_About this exercise_
Copy the opening lines of the listing exactly, through and including the line with "parsion cats"; do not copy any pictures.

_Records to use_
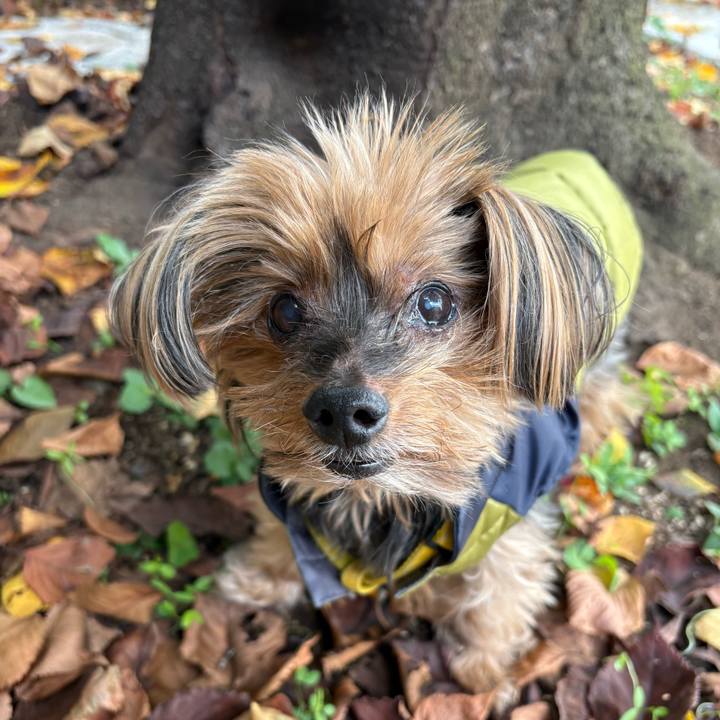 Ef8e0fb0 ca7c 48b2 be74 363bc1550b6c 1763270290789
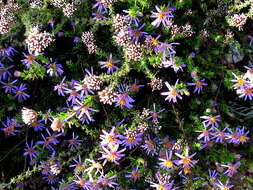 Image of Felicia filifolia subsp. filifolia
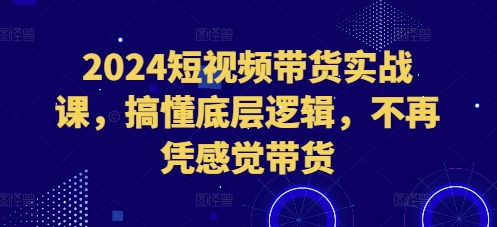 2024短视频带货实战课，搞懂底层逻辑，不再凭感觉带货-一新网创
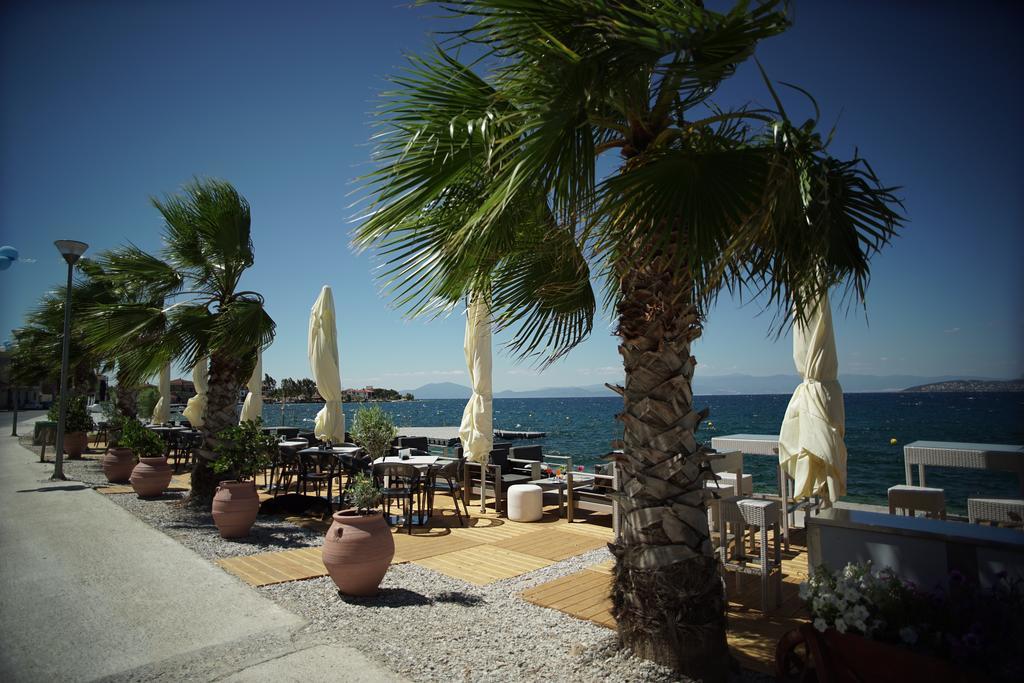 Valis Resort Hotel Volos Eksteriør bilde Palm trees in the port of Argostoli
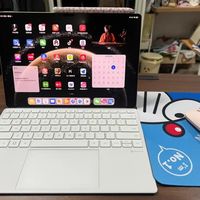 省下几千块买安卓平板？别被生态割韭菜了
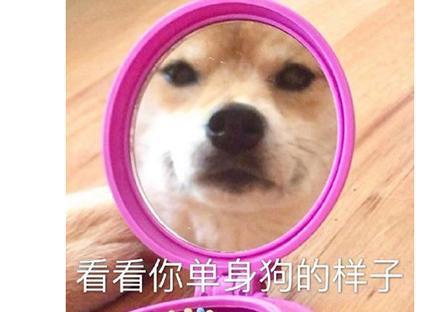 为给妹子制造惊喜,小伙用宝可梦堵路30天,竟赢得上万网友点赞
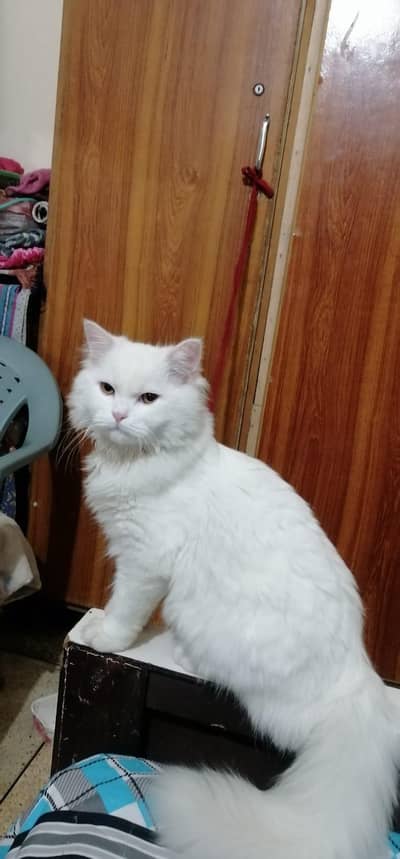 parsion cats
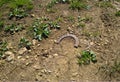 A RUSTY HORSESHOE LEFT ON THE GROUND.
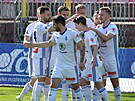 Fotbalisté Mladé Boleslavi se radují z gólu.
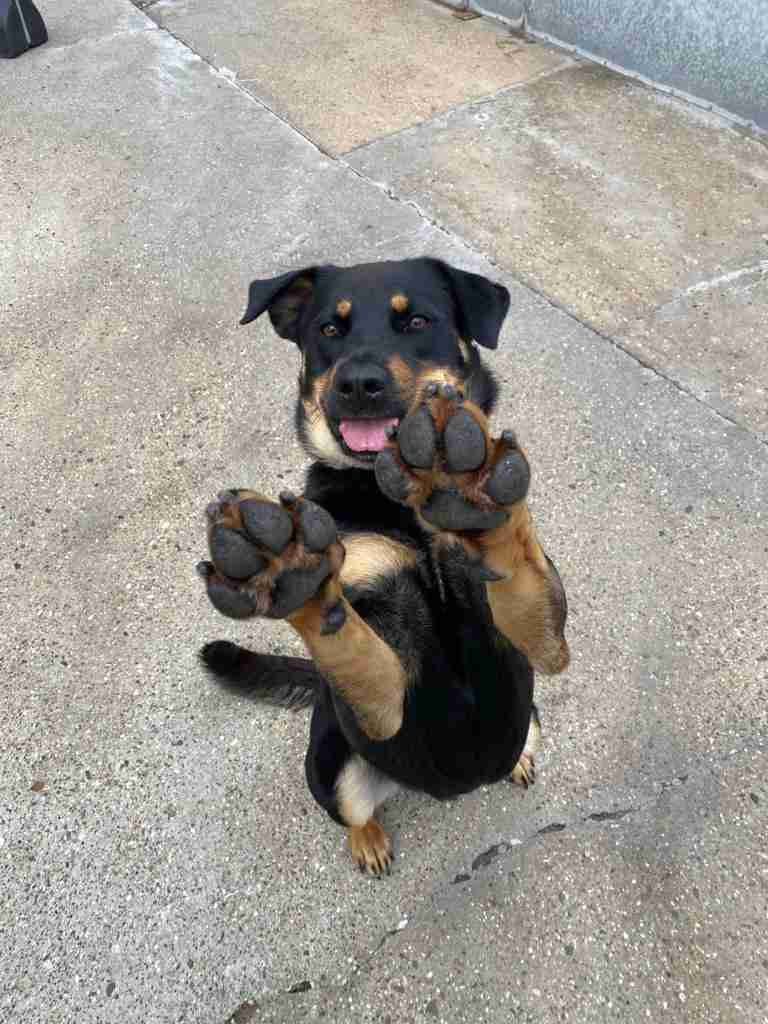 Sonny — Cross-breed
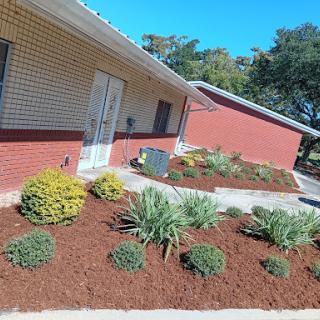 A beautifully landscaped front yard featuring vibrant plants and freshly mulched flower beds.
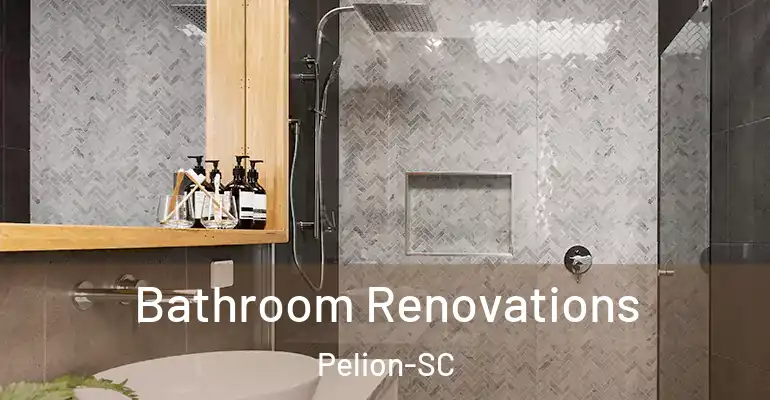 inner Bathroom imggen Bathroom Renovations Pelion-SC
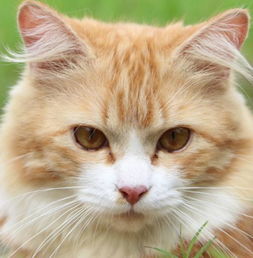 尿结石 耳螨 猫鼻支这三大困扰猫咪的疾病有哪些症状,如何治疗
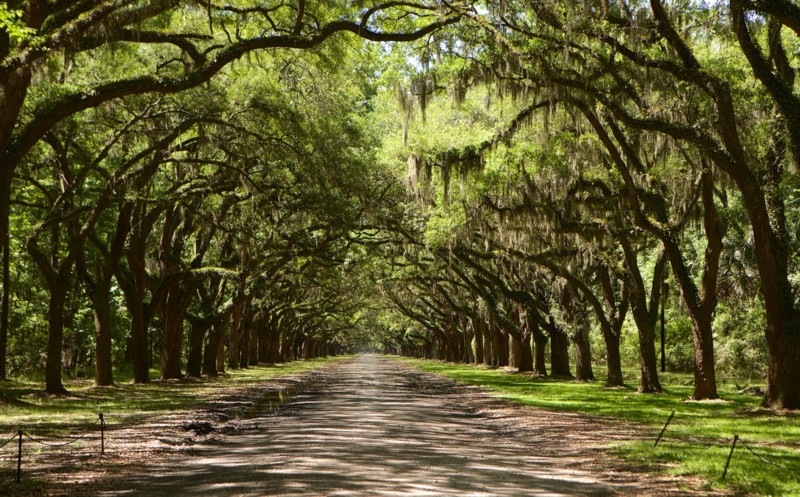 Wormsloe Historic Site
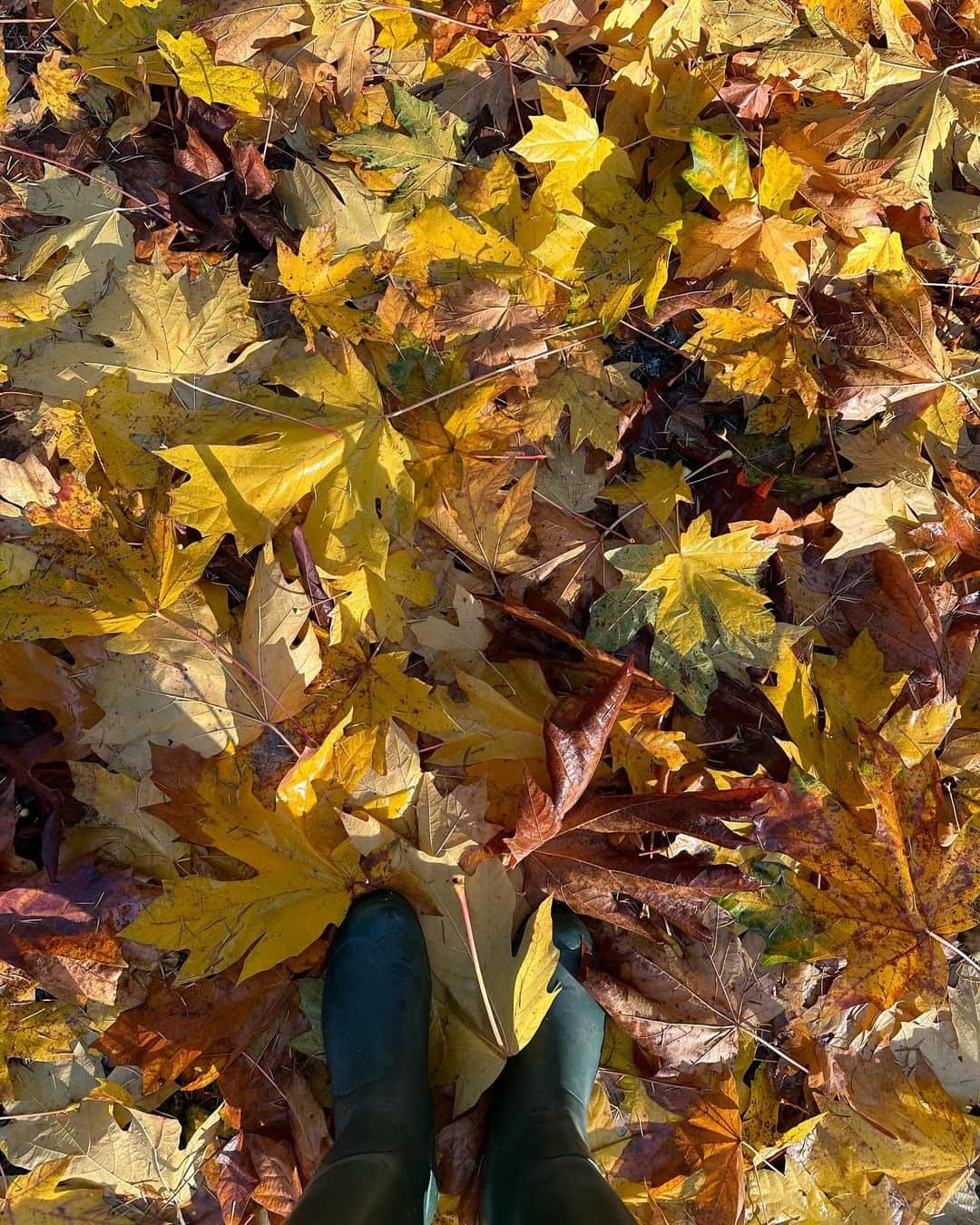 パメラ・アンダーソンさんのインスタグラム写真 - (パメラ・アンダーソンInstagram)「Fall is a beautiful time of year… restful, peaceful… protective, fuzzy socks… cocooning, hibernating… 🤍」11月26日 1時55分 - pamelaanderson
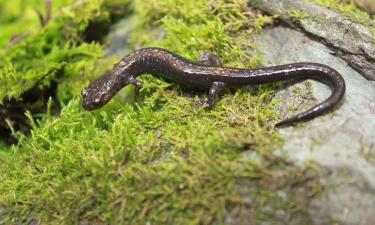 Трёхногие ящерицы научились бегать как кенгуру: потеря лапы — не приговор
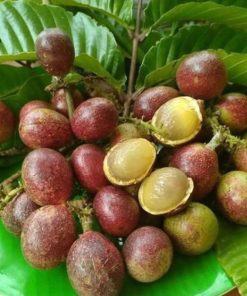 bibit buah matoa Sulawesi Tenggara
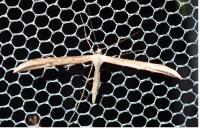 Emmelina monodactyla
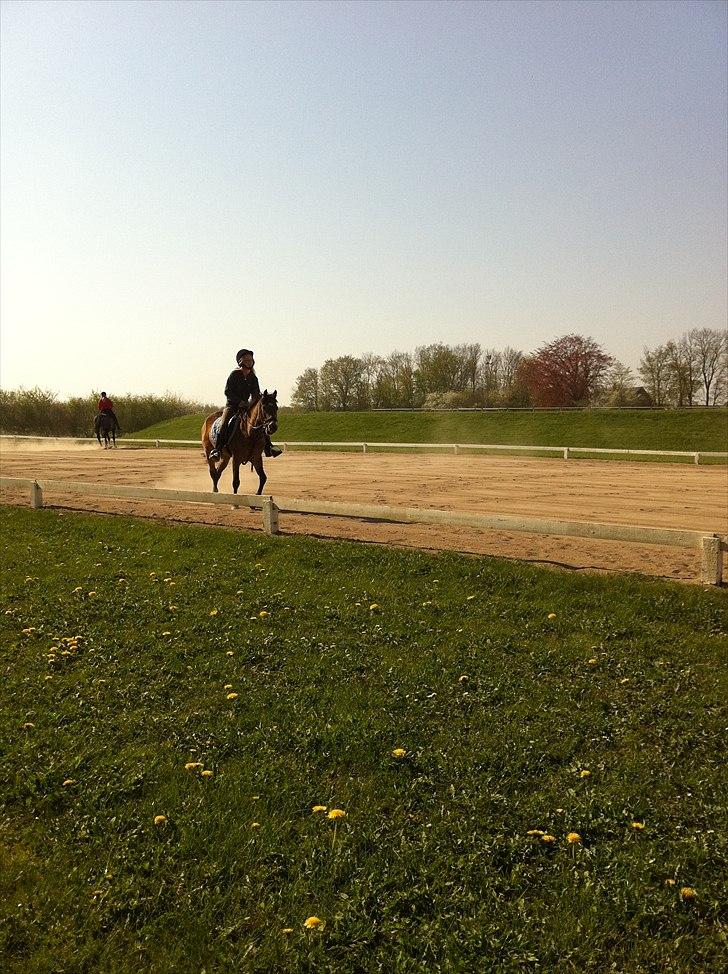 Hollandsk Sportspony Jalle - jubiii hurtiger! billede 8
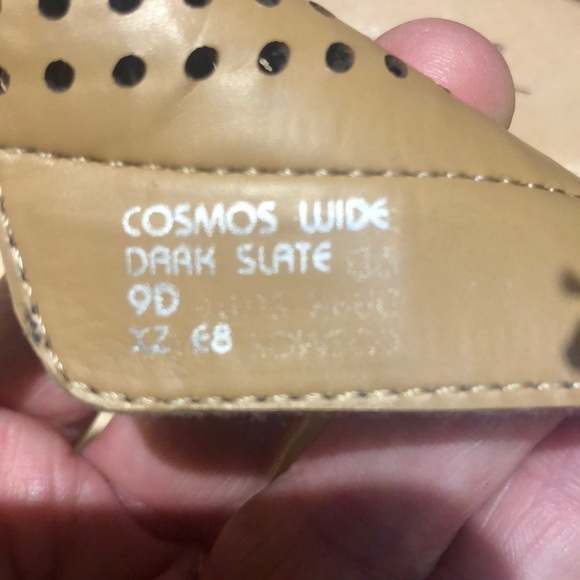 earth cosmos wedge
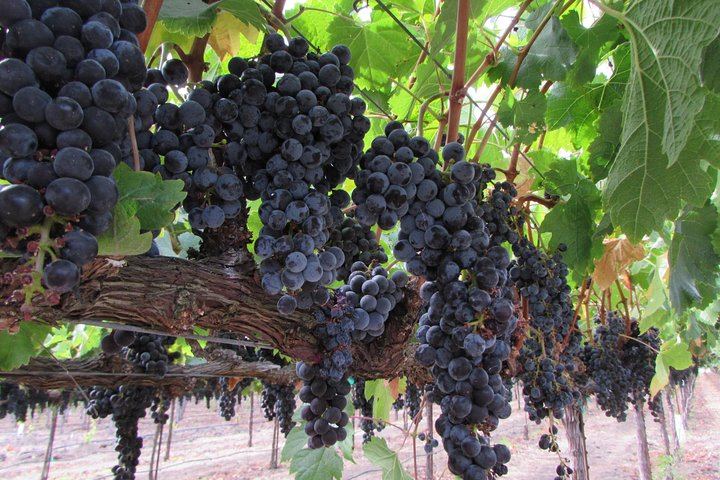 Private 6-Hour Napa and Sonoma Wine Tour for up to 7, Lesser-Known Wineries (7/12)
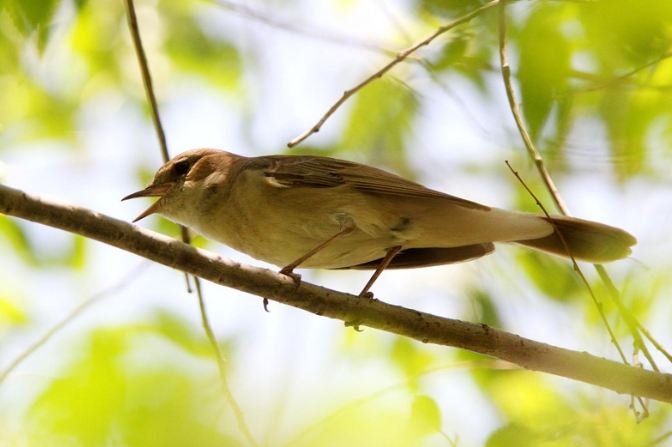 夜鶯叫聲 夜鶯叫聲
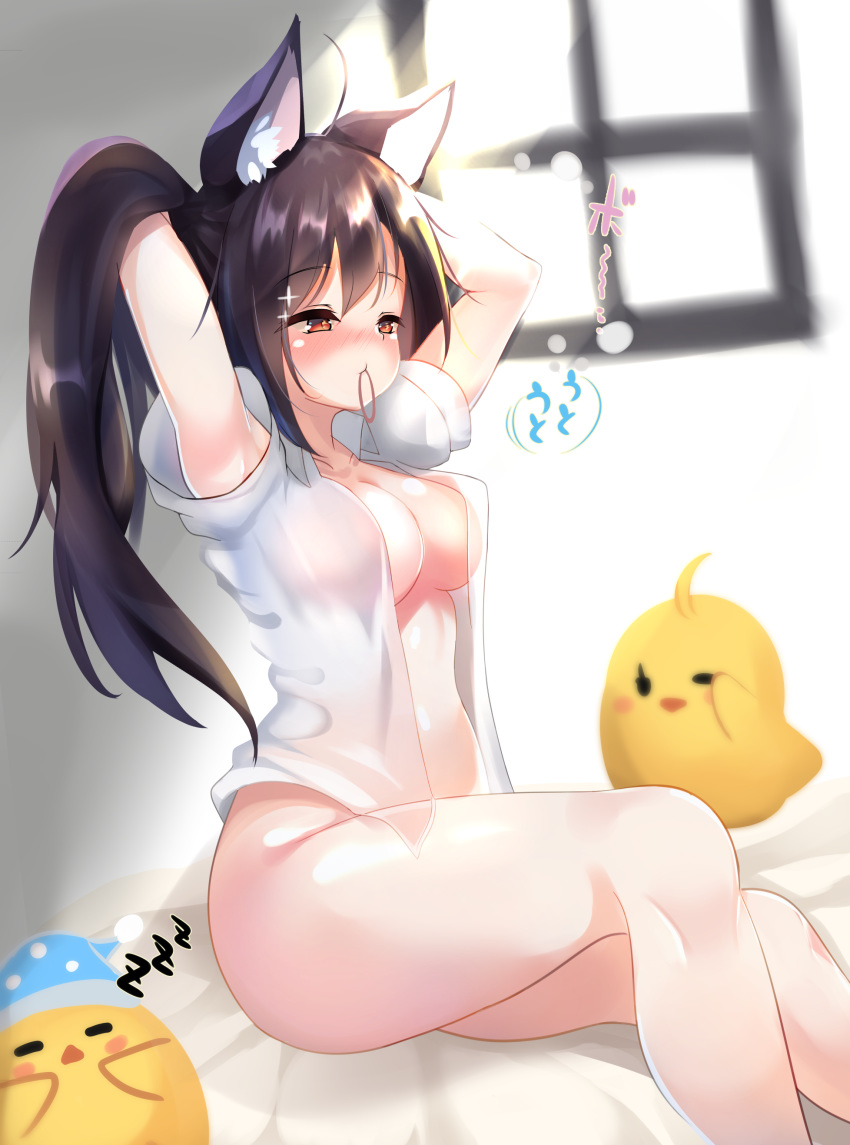 1girl absurdres animal_ear_fluff animal_ears arched_back arms_up azur_lane bangs bedroom blush bottomless breasts closed_mouth collarbone collared_shirt commentary_request hair_tie_in_mouth half-closed_eyes highres indoors large_breasts long_hair moneko1107 mouth_hold no_bra nose_blush on_bed open_clothes open_shirt ponytail shigure_(azur_lane) shirt short_sleeves sitting sleepy slit_pupils solo tying_hair up_sleeve white_shirt wing_collar wolf_ears wolf_girl zzz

_Task answer_
 Ef8e0fb0 ca7c 48b2 be74 363bc1550b6c 1763270290789
 Image of Felicia filifolia subsp. filifolia
 2024短视频带货实战课，搞懂底层逻辑，不再凭感觉带货-一新网创
 Valis Resort Hotel Volos Eksteriør bilde Palm trees in the port of Argostoli
 省下几千块买安卓平板？别被生态割韭菜了
 为给妹子制造惊喜,小伙用宝可梦堵路30天,竟赢得上万网友点赞
 parsion cats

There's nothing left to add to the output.